Bu zihniyeti aşmadan, bu zihniyetle mücadele etmeden hiçbir ilerleme kaydedilemez. Son on iki yıldır yapıldığı gibi, bu zihniyetle mücadele ediyormuş gibi yapıp sorunları görmezden gelmek ise uygulanabilecek en kötü politikadır diyor, hepinizi saygıyla selamlıyorum. (CHP sıralarından alkışlar)

BAŞKAN – Teşekkür ederiz Sayın Küçük.

Önergeyi oylarınıza sunuyorum: Kabul edenler… Kabul etmeyenler… Önerge kabul edilmemiştir.

Madde 58’i oylarınıza sunuyorum: Kabul edenler… Kabul etmeyenler… Madde 58 kabul edilmiştir.

Üç dakika ara veriyorum.

Kapanma Saati: 01.06

SEKİZİNCİ OTURUM

Açılma Saati: 01.08

BAŞKAN: Başkan Vekili Şükran Güldal MUMCU

KÂTİP ÜYELER: Mine LÖK BEYAZ (Diyarbakır), Muhammet Bilal MACİT (İstanbul)

-----0-----

BAŞKAN – Sayın milletvekilleri, Türkiye Büyük Millet Meclisinin 123’üncü Birleşiminin Sekizinci Oturumunu açıyorum.

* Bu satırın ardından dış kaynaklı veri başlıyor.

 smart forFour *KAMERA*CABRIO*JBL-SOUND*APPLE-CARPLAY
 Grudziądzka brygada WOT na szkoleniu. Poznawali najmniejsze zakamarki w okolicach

639 sıra sayılı Kanun Tasarısı’nın görüşmelerine devam edeceğiz.

Komisyon? Yok.

Ertelenmiştir.

Gündemin 5’inci sırasında yer alan, Engellilerin Haklarına İlişkin Sözleşmeye Ek İhtiyari Protokolün Onaylanmasının Uygun Bulunduğuna Dair Kanun Tasarısı ile İnsan Haklarını İnceleme Komisyonu ve Dışişleri Komisyonu Raporlarının görüşmelerine başlıyoruz.

5.- Engellilerin Haklarına İlişkin Sözleşmeye Ek İhtiyari Protokolün Onaylanmasının Uygun Bulunduğuna Dair Kanun Tasarısı ile İnsan Haklarını İnceleme Komisyonu ve Dışişleri Komisyonu Raporları (1/892) (S. Sayısı: 605)

 

BAŞKAN – Komisyon? Yok.

Ertelenmiştir.

Sayın milletvekilleri, Genel Kurul görüşmelerinde komisyonun hazır bulunamayacağı anlaşılmıştır.

Kanun tasarı ve teklifleri ile komisyonlardan gelen diğer işleri sırasıyla görüşmek için, 23 Temmuz 2014 Çarşamba günü, alınan karar gereğince saat 12.00’de toplanmak üzere birleşimi kapatıyorum.

Kapanma Saati: 01.09



(x) Bu bölümde Hatip tarafından Türkçe olmayan bir kelime ifade edildi.

(X) 639 S. Sayılı Basmayazı 15/7/2014 tarihli 116’ncı Birleşim Tutanağı’na eklidir.